Через несколько лет, когда он уже окончил мактаб и начал учиться в медресе, родилась сестра; отец снова подвесил к крюкам люльку, но Омар больше не подходил к ней. Часто он убегал подальше от дома и, сев на корточки под деревом, думал о Юнусе. Иногда ему казалось, что он только во сне видел брата, потому что отец и мать никогда о нем не вспоминали, а он помнил. С детства он привык находить ответы - неизвестность мешала жить, от нее чесалось тело и пропадал сон. Однажды, когда отец уехал в другой город, Омар спросил у матери, чистившей золой медный афтобе: "Мама, а Юнус к нам никогда не придет?" Мать, выронив кувшин, зажала рот грязной ладонью. Утерев слезы, она рассказала сыну, что, когда умер Юнус, у них с отцом не было даже медной фельсы, и они на коленях просили чужих людей, спешивших на кладбище, положить в могилу и Юнуса. Видно, у тех людей было доброе сердце, потому что, сами измученные слезами, они услышали чужое горе. И маленького Юнуса положили в землю и вылили на могилу воду, а мать никогда больше не встречала тех людей, и никто не мог указать ей могилу сына среди чужих могил.

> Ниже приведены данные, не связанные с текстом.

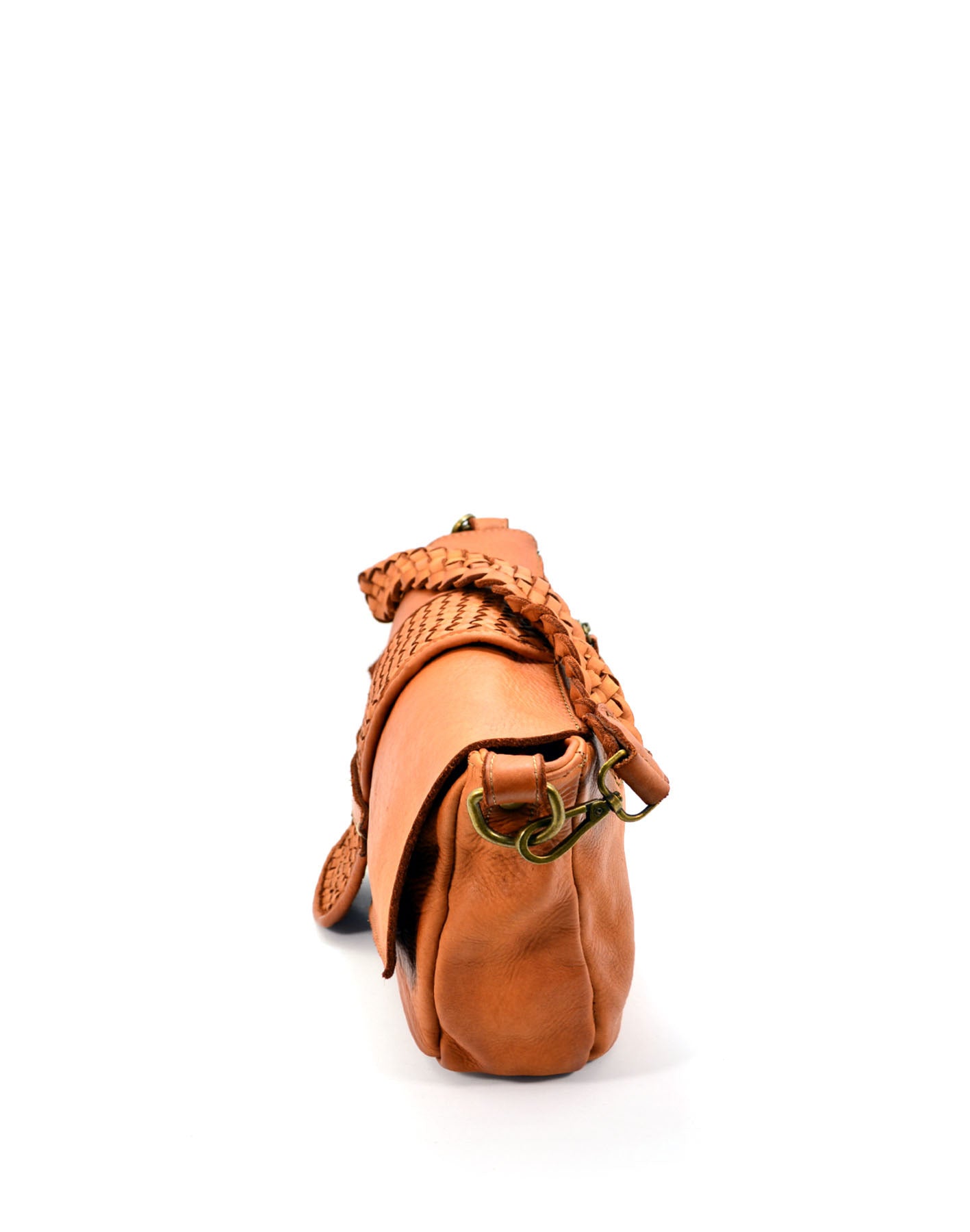 Q-VERVE Vintage Braided Calfskin Shoulder Bag – Italian Leather, Flap Closure & Feminine Design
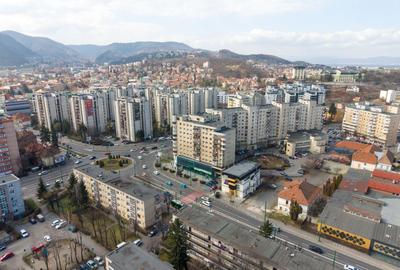 Spațiu comercial, de 612 mp, în 13 Decembrie - 20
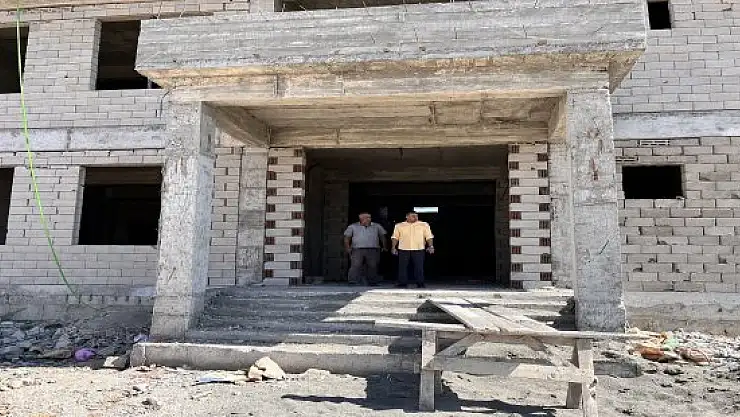 Doğubayazıt'ta yapımı devam eden okullar denetlendi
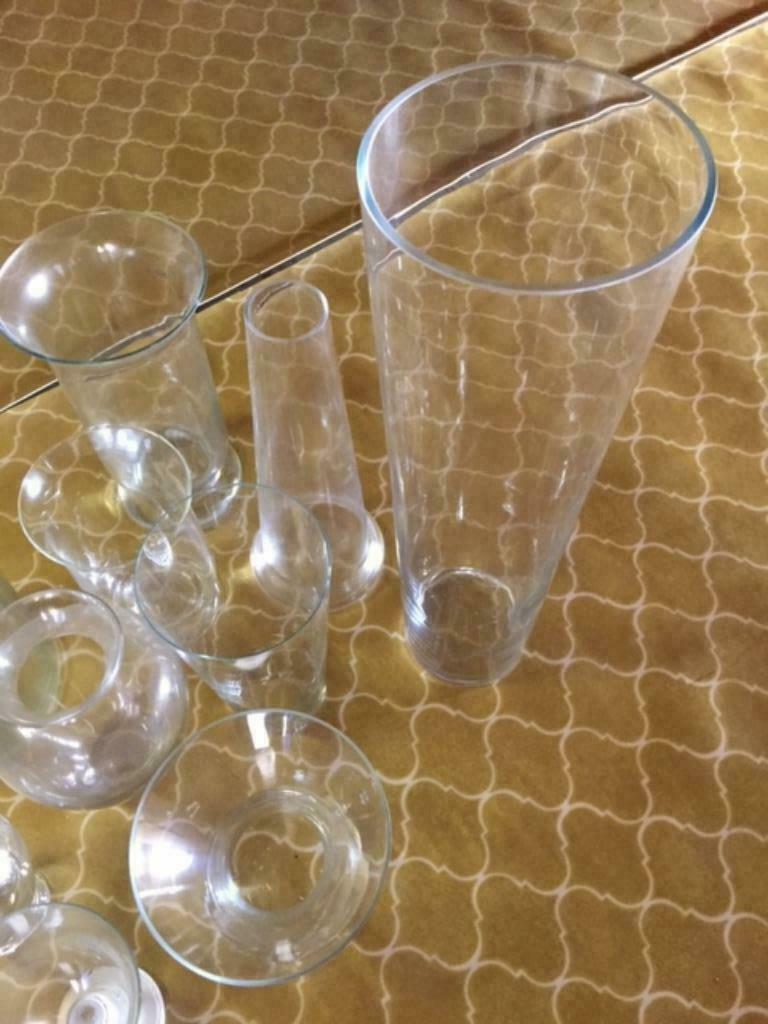 10 vases à fleurs en verre, Enlèvement, Comme neuf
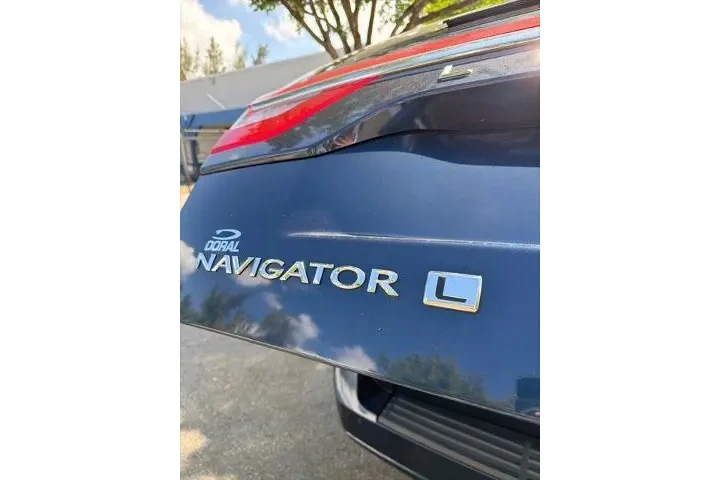 $9590 : Lincoln Navigator L 2017 4x2 image 7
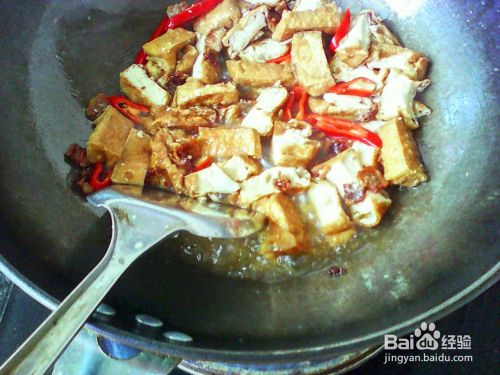 肉香豆腐炒油麦菜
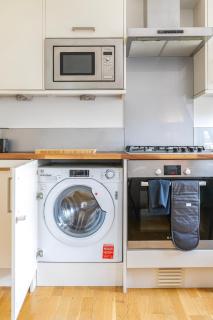New 1 Bed Flat for 4 near River & Clapham Junction - 3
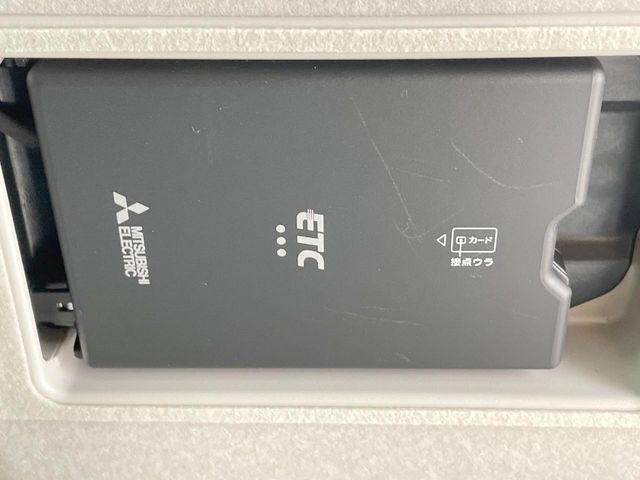 【ETC】高速道路の料金所をストレスなく通過！話題のスポットやサービスエリアに多い「スマートIC」利用時は必須のアイテムです。当店でセットアップを実施、ご納車当日からすぐにご利用いただけます！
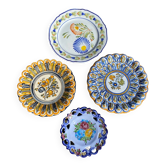 Lot de 4 assiettes décoratives colorées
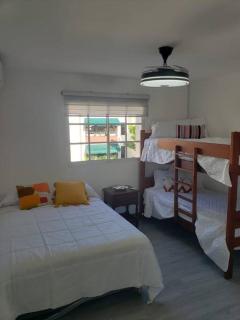 Los Robles - 1
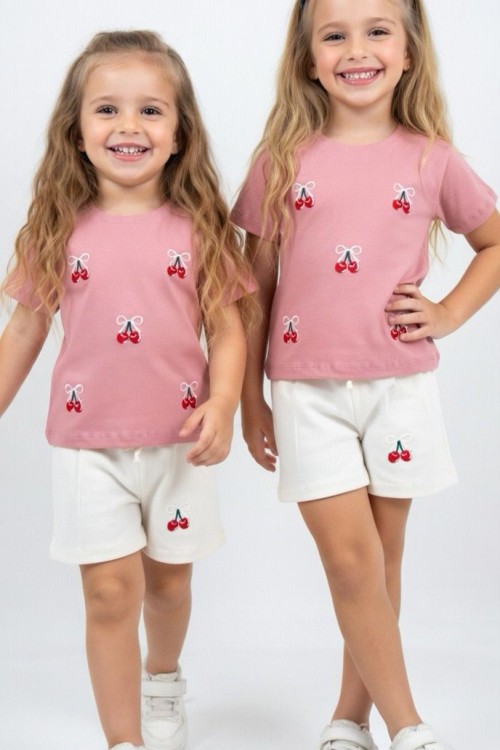 ÜST 5 KİRAZ ALT TEK KİRAZ DESENLİ ŞORTLU TAKIM  Gül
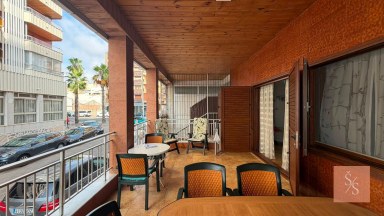 Kompletně zrekonstruovaný apartmán s bočním výhledem na moře v Torrevieja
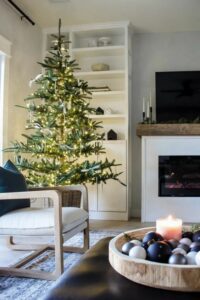 Simple decorated Christmas tree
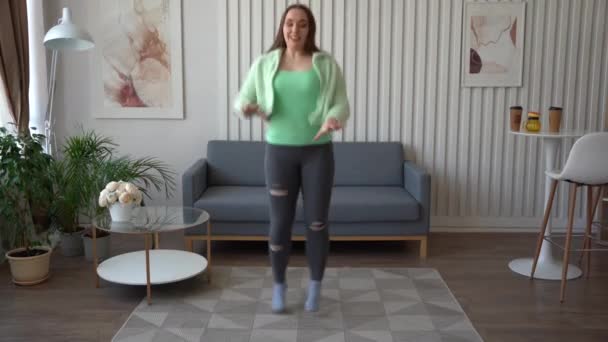 Дівчина Танцює Вітальні Запис Відеозапису Соціальних Мереж Вдома — стокове відео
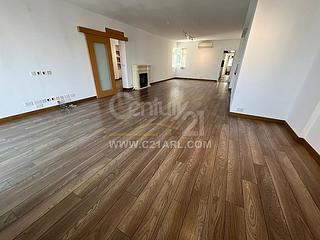 Mid Levels Central - Pearl Gardens 02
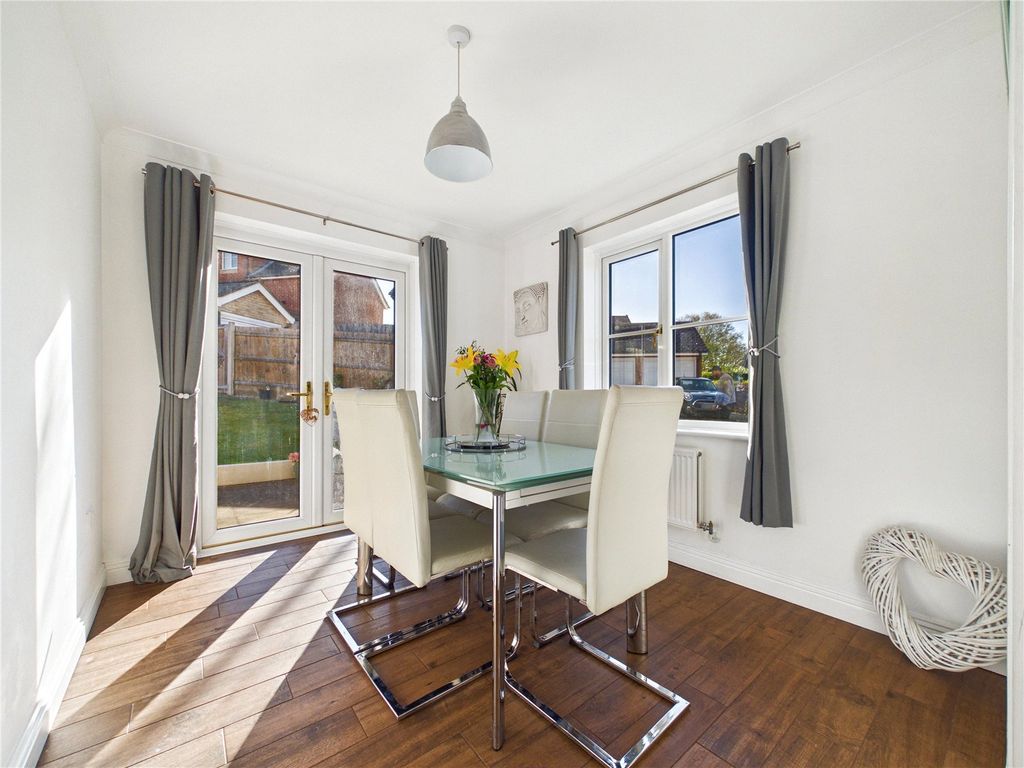 Property photo 3 of 20 Picture No. 21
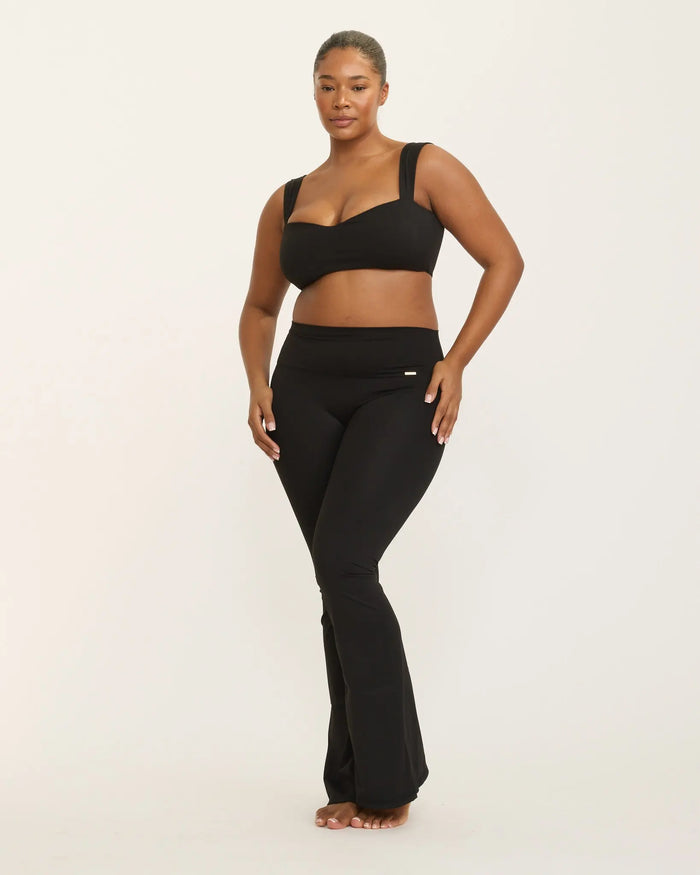 Jaqueline Balconette Bra - Black AMADAWEAR
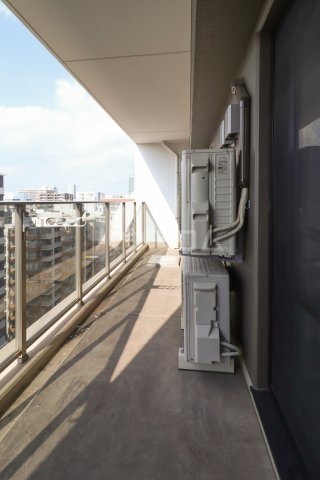 20/30 バルコニー
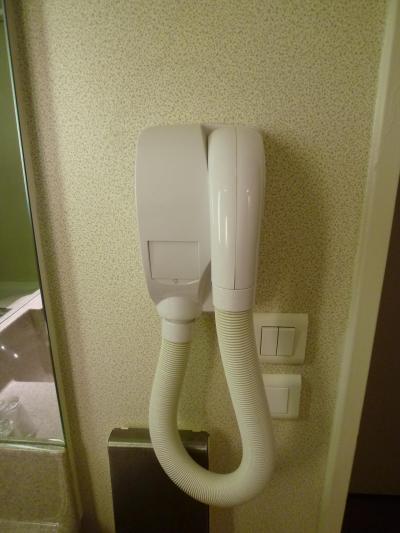 掃除機みたいなドライヤー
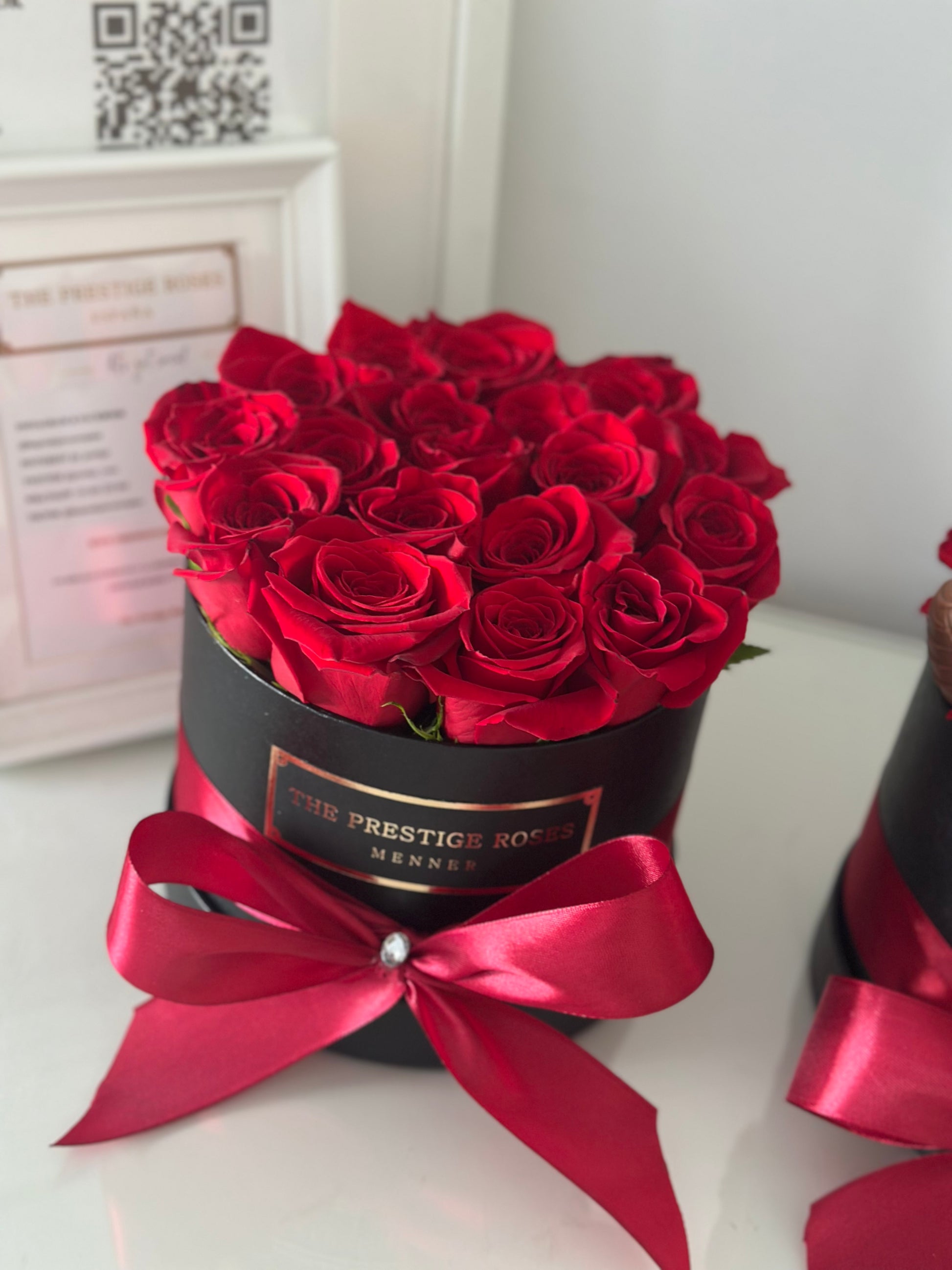 Caja premium de rosas rojas frescas con lazo rojo, The Prestige Roses Madrid.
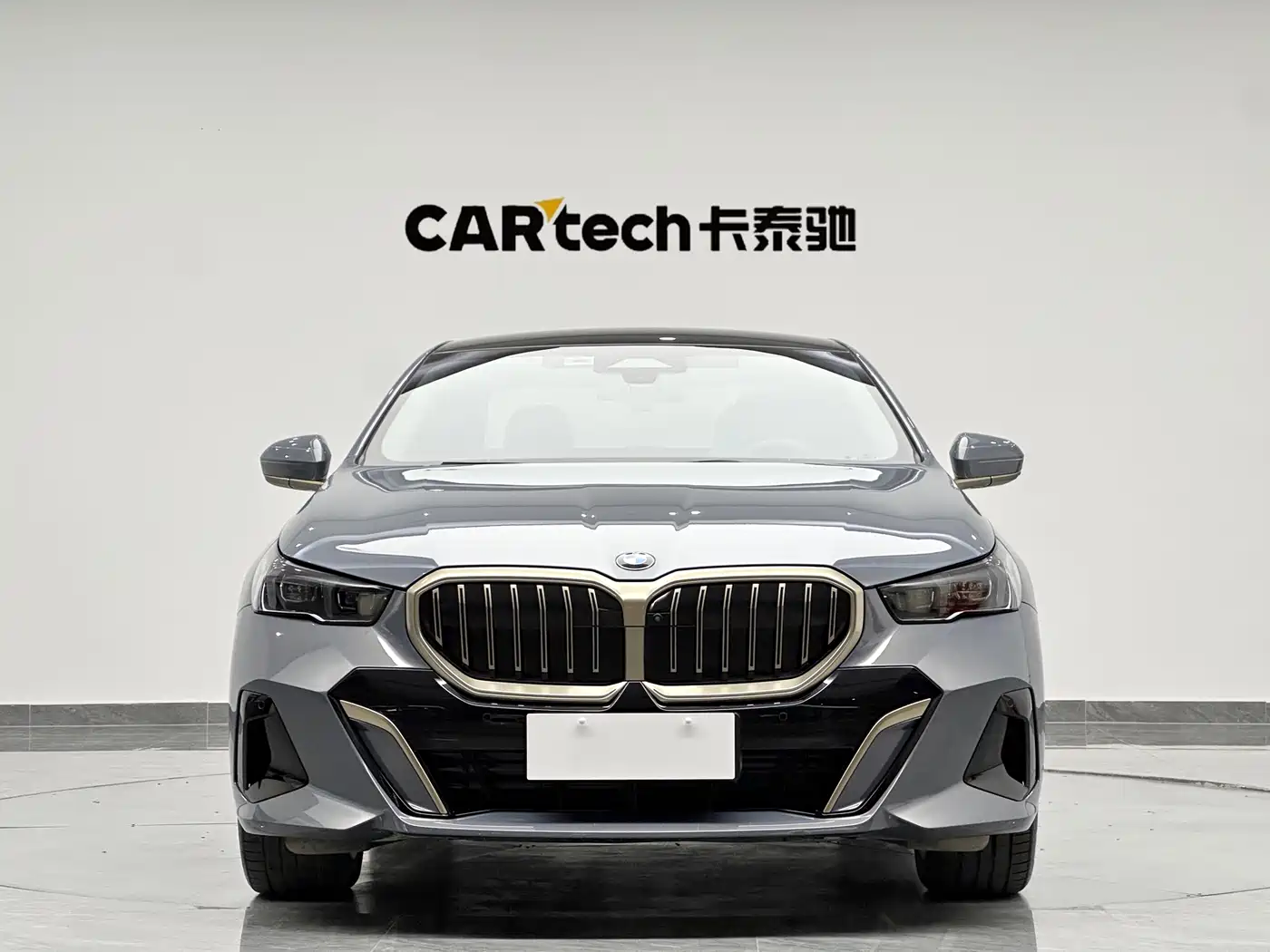 BMW 5 Series 2024 530Li Leading M Sport Package фото 2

Вот о чем думал Хайям. Он печалился, что, побывав в Мекке и Багдаде, Самарканде и Балхе, Газне и Герате, так и не пришел к единственному брату. "Мы виноваты, брат, но я уже иду к тебе. Я возьму тебя на руки, и мы всегда будем вместе. Ты, конечно, не узнаешь меня, Юнус, ведь мне тогда было шесть лет, а сейчас восемьдесят два, зато я знаю столько интересных сказок, умею делать свистульки из глины и камыша и бумажные лодки".
Хайям услышал тихие шаги - вошла сестра.
- Брат, ты спишь?
- Да, сестра, я сплю.
- Но ты же говоришь со мной!
- Это во сне.
- До шуток ли теперь? Пришел имам Мухаммад ал-Багдади.
- Разве ты ему больше не жена, что называешь его так пышно? Скажи: "Пришел твой свояк", - я пойму. Если он пришел поучать меня, ответь, что я умер. А если навестить больного, пусть войдет.